You are viewing a plain text version of this content. The canonical link for it is here.

Posted to java-user@lucene.apache.org by Marc Sturlese <ma...@gmail.com> on 2011/10/10 13:02:35 UTC

Lucene 3.1 search paralelism per segment doubt

I've read in another thread
(http://lucene.472066.n3.nabble.com/Indexing-slower-in-trunk-td3059836.html#a3062991)
/Since Lucene 2.9, Lucene works on a per segment basis when searching. Since 
Lucene 3.1 it can even parallelize on multiple segments. If you optimize 
your index you only have one segment/
I'm trying to configure lucene 3.4 to improve my performance as much as
possible and make the maximum CPU usage.
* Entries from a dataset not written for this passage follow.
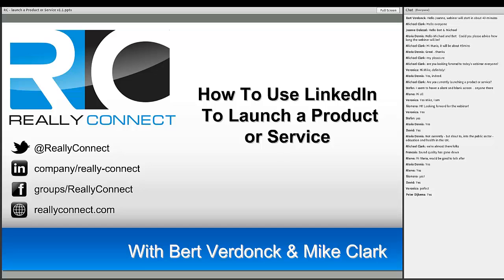You can follow us at Really Connect on Twitter, our company LinkedIn profile page at Really-Connect, and we have a great Facebook group also called Really Connect. You can also download our book from our website. Without any further ado, let's get into it because we've got a lot of really cool stuff to cover.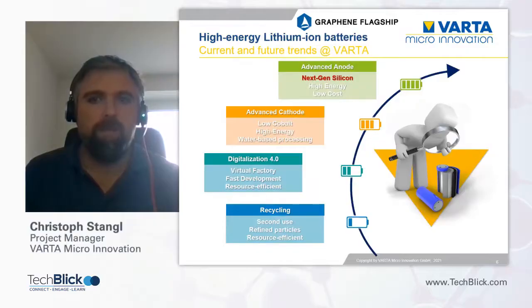At Varta we are looking at a wide range of processes and materials to improve our lithium-ion batteries and their production — not only cell performance parameters but also sustainability goals. For example, circular economy is becoming increasingly relevant. Currently, battery recycling basically means the removal of copper and aluminum, but in future it will also be beneficial to remove lithium, cobalt, nickel, or even whole active material particles for a second use.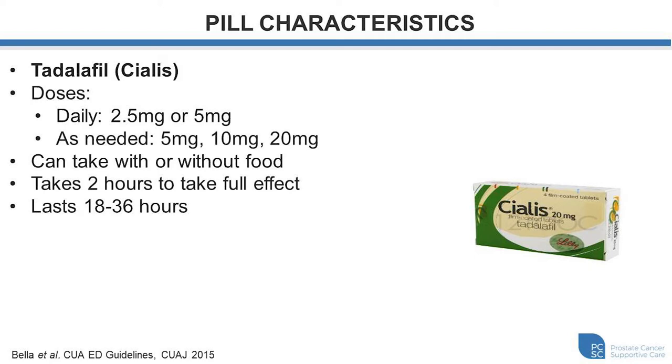If you're going to take Tadalafil on a daily basis, we recommend either two and a half or five milligrams per day. The medication will always be in the system and the system will be primed to achieve an erection whenever desired. For on-demand dosing, you can use either five milligrams, ten milligrams, or a twenty milligram dose, depending on your needs.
As far as I understood, the optimal
scenario would be to have as much threads as segments I have in the index.
The problem here would be that if I rsync the master to the slaves with some
updated documents, these would then have more segments (so there would be
more segments than available threads). 
Another question would be, can I achieve the same search performance with an
index with 5 segments and 5 threads in 3.4 than an optimized index with
compound file using lucene 2.9? (I know the second env mentioned is much
worse loading fieldcaches, etc because is not taking advantage of the
readers per segments)
Can anyone explain me a bit how exactly does it work or point me to some
documentation?



--
View this message in context: http://lucene.472066.n3.nabble.com/Lucene-3-1-search-paralelism-per-segment-doubt-tp3409182p3409182.html
Sent from the Lucene - Java Users mailing list archive at Nabble.com.

---------------------------------------------------------------------
To unsubscribe, e-mail: java-user-unsubscribe@lucene.apache.org
For additional commands, e-mail: java-user-help@lucene.apache.org

Re: Lucene 3.1 search paralelism per segment doubt

Posted by Simon Willnauer <si...@googlemail.com>.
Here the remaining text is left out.